# Exercise aim
Please reproduce the records below exactly, omitting any pictures they contain.

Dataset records
+---+

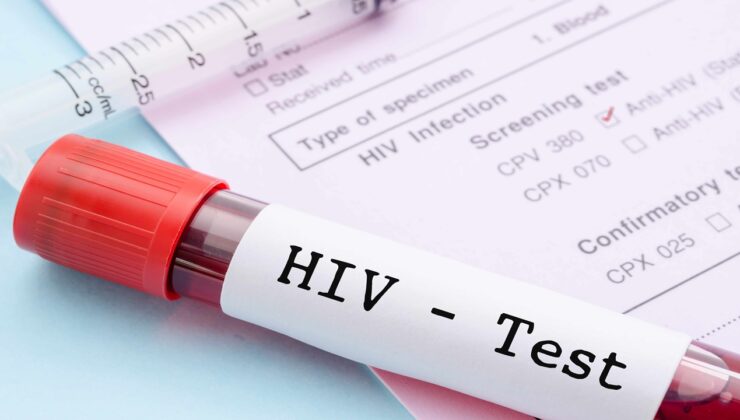 Hiv Testi ile Kısa Sürede Hastalık Teşhisi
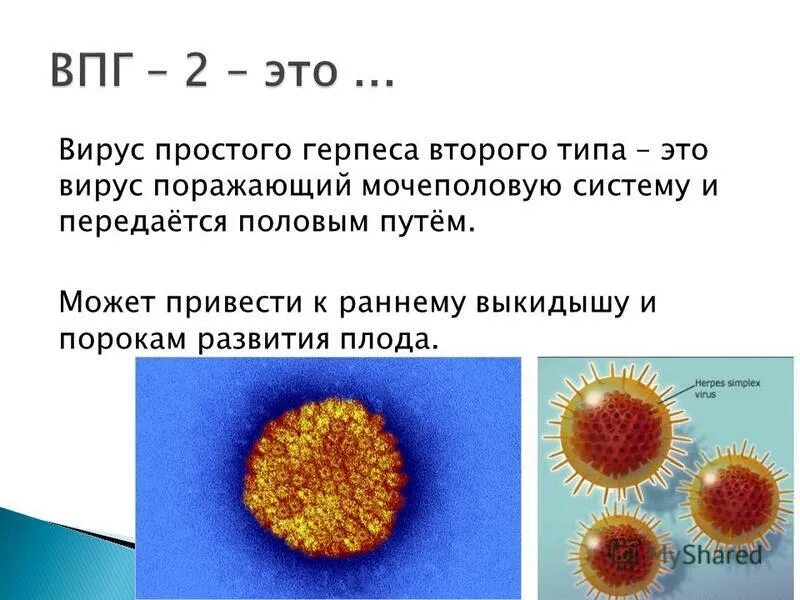 Вирус герпеса 2. Вирус простого герпеса типы. Вирус простого герпеса ВПГ 2.
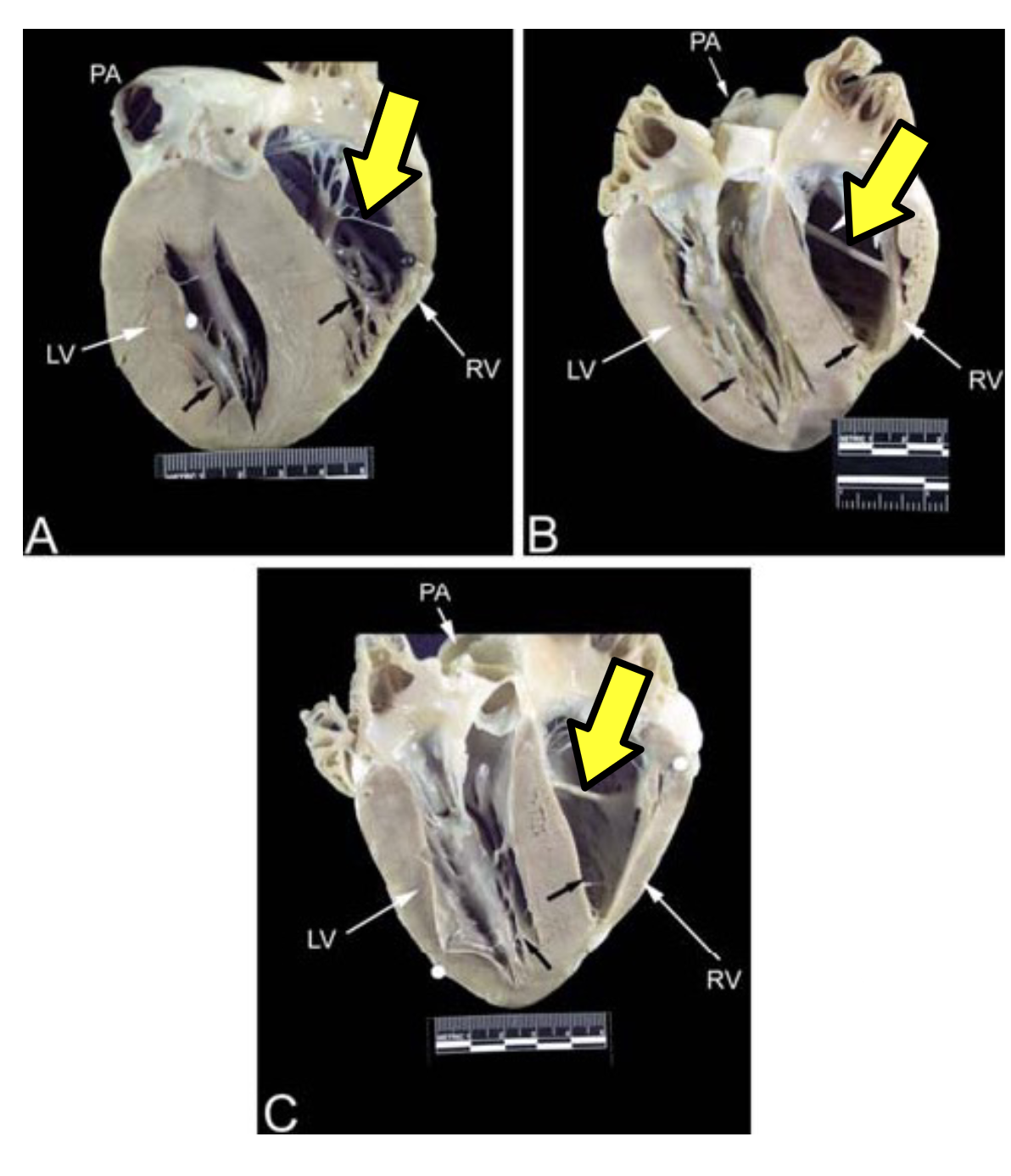 fibrous and muscular connection between interventriculuar septum and the right ventricular wall; carrier nerve (Purkinje) fibres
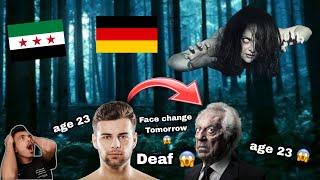 Man Deaf age 23 Face change Tommorow  ‍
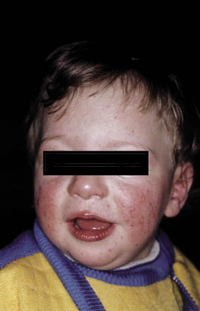 Figura 109. Dermatitis atópica. Figura 109. Dermatitis atópica.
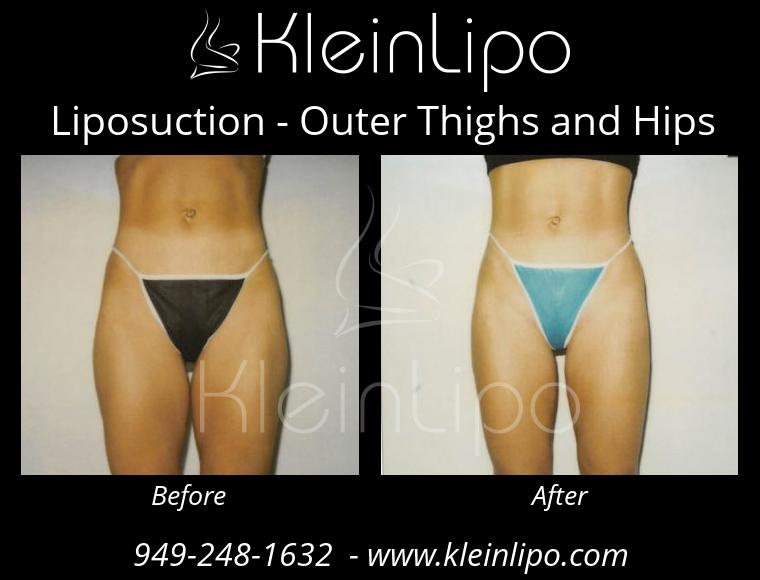 Liposuction-OuterThighsandHips-2-27-2018-16-45-32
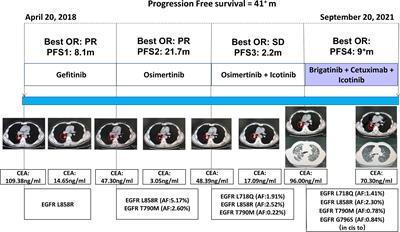 Case Report: Durable Response to the Combination of Brigatinib and Cetuximab Plus Icotinib in a NSCLC Patient Harboring EGFR L858R-T790M-cis-G796S and L718Q Resistance Mutations Following Progression With Osimertinib
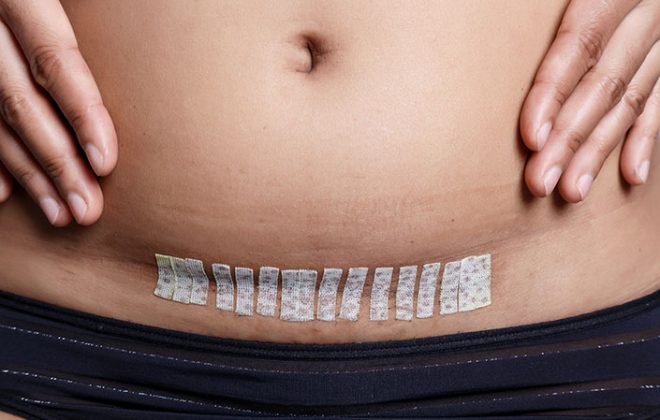 Caesarean Scar release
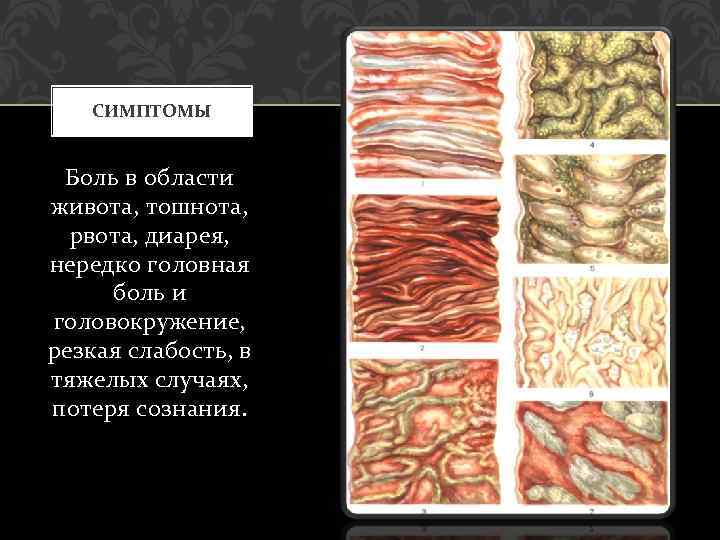 СИМПТОМЫ Боль в области живота, тошнота, рвота, диарея, нередко головная боль и головокружение, резкая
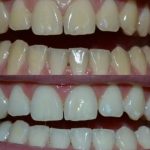 СЕКОЈА ВЕЧЕР СО ОВАА МЕШАВИНА ГИ МАЧКАМ ЗАБИТЕ И СЕ БЕЛИ КАКО БИСЕР: КАРИЕСОТ исчезнаа како однесен со рака, ЕВТИНО РЕШЕНИЕ БЕЗ ОДЕЊЕ КАЈ СТОМАТОЛОГ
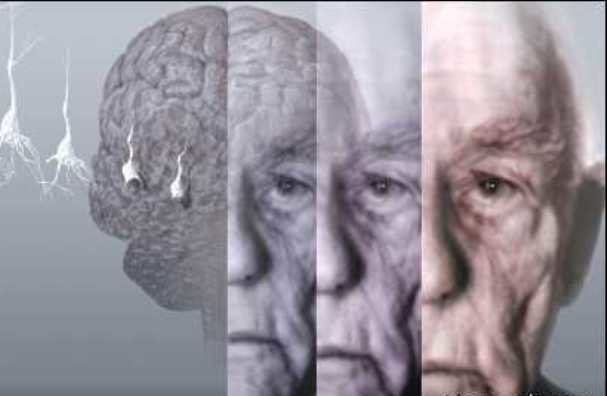کشف عامل بروز آلزایمر در نوعی اختلال چشمی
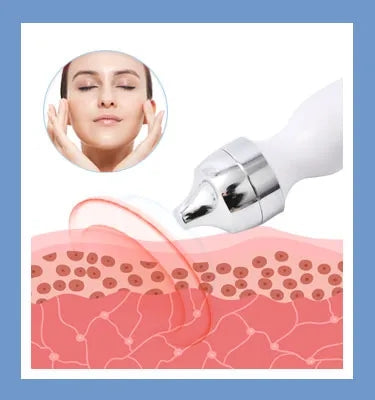 Equipamento Estético Feminino 14 em 1 - Oxigenação Bolhas e Hidrodermabrasão Facial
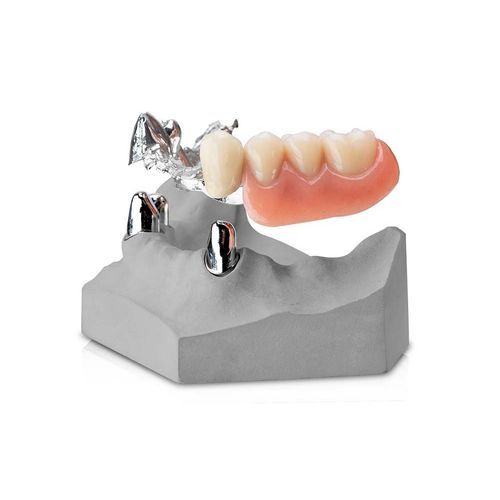 Metall-Zahnprothese - WIRONIUM&reg; RP Hybrid - BEGO - Kobaltchrom / CoCr / nach Maß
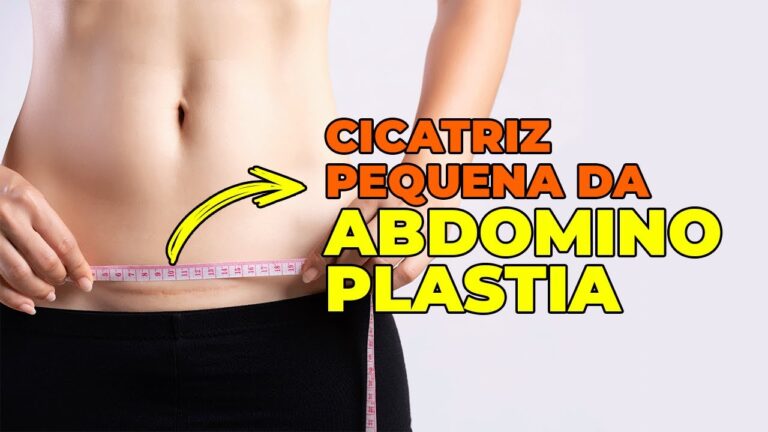 Mini Abdominoplastia: Cicatriz Discreta e Resultados Naturais
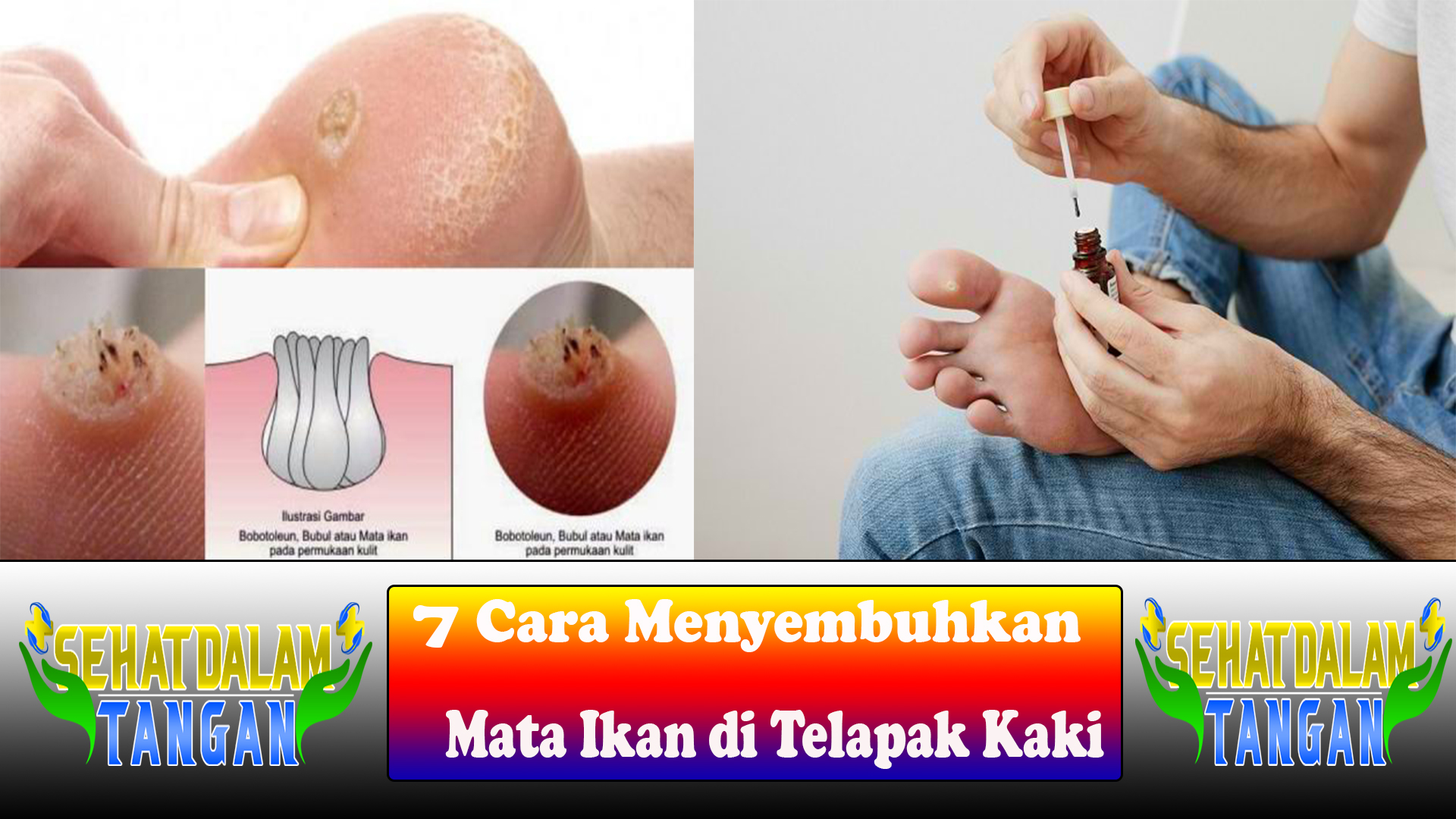 7 Cara Menyembuhkan Mata Ikan di Telapak Kaki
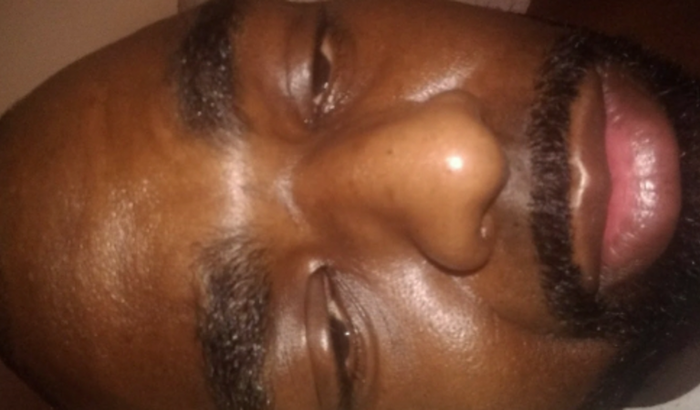 Ajuda Wellington grande homem com câncer no estômago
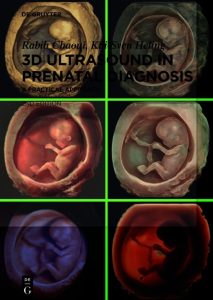 3D Ultrasound in Prenatal Diagnosis: A Practical Approach Second edition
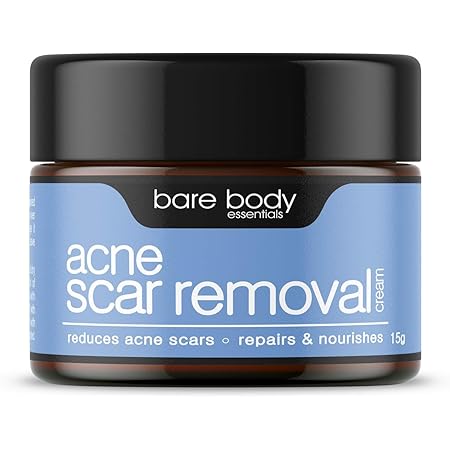 spot marks removal cream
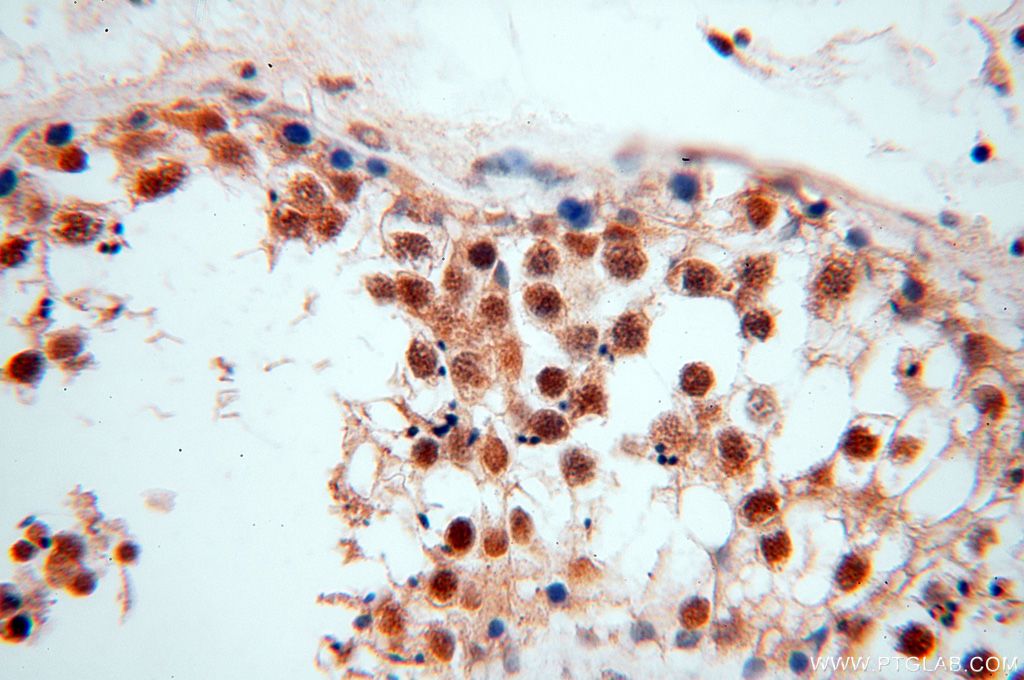 Immunohistochemistry (IHC) staining of human testis tissue using NFKB2,p52,p100-Specific Polyclonal antibody (15503-1-AP)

+---+

# Response for this exercise
 Hiv Testi ile Kısa Sürede Hastalık Teşhisi
 Вирус герпеса 2. Вирус простого герпеса типы. Вирус простого герпеса ВПГ 2.
 fibrous and muscular connection between interventriculuar septum and the right ventricular wall; carrier nerve (Purkinje) fibres
 Man Deaf age 23 Face change Tommorow  ‍
 Figura 109. Dermatitis atópica. Figura 109. Dermatitis atópica.
 Liposuction-OuterThighsandHips-2-27-2018-16-45-32
 Case Report: Durable Response to the Combination of Brigatinib and Cetuximab Plus Icotinib in a NSCLC Patient Harboring EGFR L858R-T790M-cis-G796S and L718Q Resistance Mutations Following Progression With Osimertinib
 Caesarean Scar release
 СИМПТОМЫ Боль в области живота, тошнота, рвота, диарея, нередко головная боль и головокружение, резкая
 СЕКОЈА ВЕЧЕР СО ОВАА МЕШАВИНА ГИ МАЧКАМ ЗАБИТЕ И СЕ БЕЛИ КАКО БИСЕР: КАРИЕСОТ исчезнаа како однесен со рака, ЕВТИНО РЕШЕНИЕ БЕЗ ОДЕЊЕ КАЈ СТОМАТОЛОГ
کشف عامل بروز آلزایمر در نوعی اختلال چشمی
 Equipamento Estético Feminino 14 em 1 - Oxigenação Bolhas e Hidrodermabrasão Facial
 Metall-Zahnprothese - WIRONIUM&reg; RP Hybrid - BEGO - Kobaltchrom / CoCr / nach Maß
 Mini Abdominoplastia: Cicatriz Discreta e Resultados Naturais
 7 Cara Menyembuhkan Mata Ikan di Telapak Kaki
 Ajuda Wellington grande homem com câncer no estômago
 3D Ultrasound in Prenatal Diagnosis: A Practical Approach Second edition
 spot marks removal cream
 Immunohistochemistry (IHC) staining of human testis tissue using NFKB2,p52,p100-Specific Polyclonal antibody (15503-1-AP)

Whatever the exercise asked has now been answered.